United States President Donald Trump was the centre of attraction during his 12-day visit to Asia last week, given a welcome replete with pomp and ceremony in Japan, South Korea and China.
But by the time he left for home on Tuesday, political experts and observers were saying Chinese President Xi Jinping was ahead, with his influence enhanced further.
Mr Trump declared his trip a tremendous success but analysts said he returned home without fulfilling his agenda - convincing Asia's leaders that the US is still committed to the Asia-Pacific.
This is plain in the cool reception given to his ''America First'' speech on trade at the Asia-Pacific Economic Cooperation (Apec) summit.
It was driven home further when he skipped the East Asia Summit, seen by most as a symbolic but important litmus test of US interest in the region - although he did address its leaders at a lunch before that.
Mr Xi, on the other hand, used his Apec address to renew China's commitment to globalisation and support for free trade, in another sign he was willing to take up the leadership mantle the US had abandoned.

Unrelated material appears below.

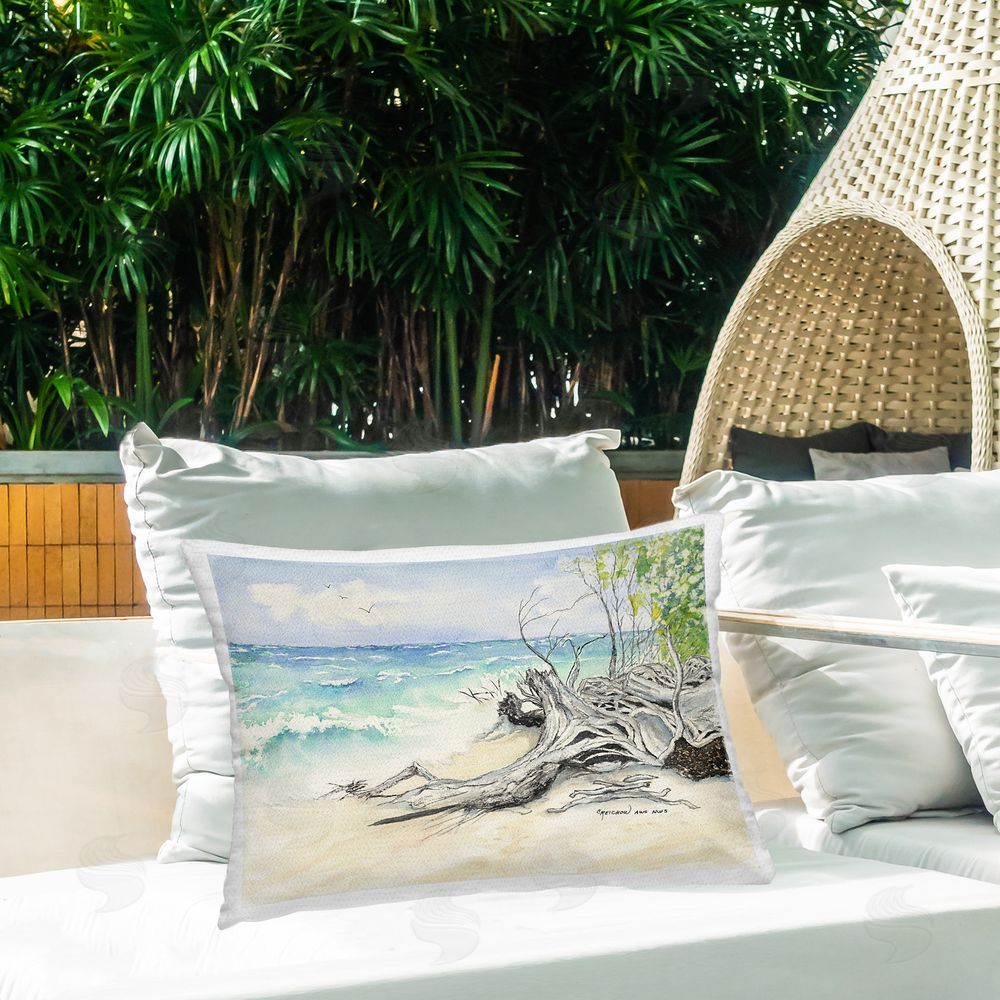 Christine Reichow Driftwood on Tropical Shore Outdoor Quick-Dry Polyester Printed Throw Pillow in Back Yard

''The tune Trump sang was just not what Asian leaders wanted to hear, compared with Xi's message of multilateral cooperation,'' Professor Shi Yinhong of Renmin University told The Straits Times.
Cornell University analyst Annelise Riles said the trip was ''a key moment in the decline of US power in the Asia-Pacific region''. She pointed especially to the revival of the Trans-Pacific Partnership pact that Mr Trump withdrew from.
He also failed to extract concrete commitments from China to intensify pressure on North Korea, said S. Rajaratnam School of International Studies dean Joseph Liow.
What he secured from China - more than US$250 billion (S$339 billion) in trade deals - points to the need for a big-figure ''win'' he can take home to his voters, said Professor Su Hao of the China Foreign Affairs University.
Facing significant domestic pressure, Mr Trump's aim was for a breakthrough he can take home to show his prowess as a dealmaker that closes deals, Prof Su added.
But critics noted the package consisted of many non-binding agreements that may not materialise, and that Mr Trump failed to secure what American investors wanted: structural reform to the bilateral trade ties that can bring about lasting change, like greater access to the Chinese market.
Such middling results mean Asia's leaders may need to reassess the region's balance of power. ''China's global prestige has clearly emerged a notch above that of the US,'' said Prof Shi. ''The last two weeks is a good indication that change is gathering momentum''.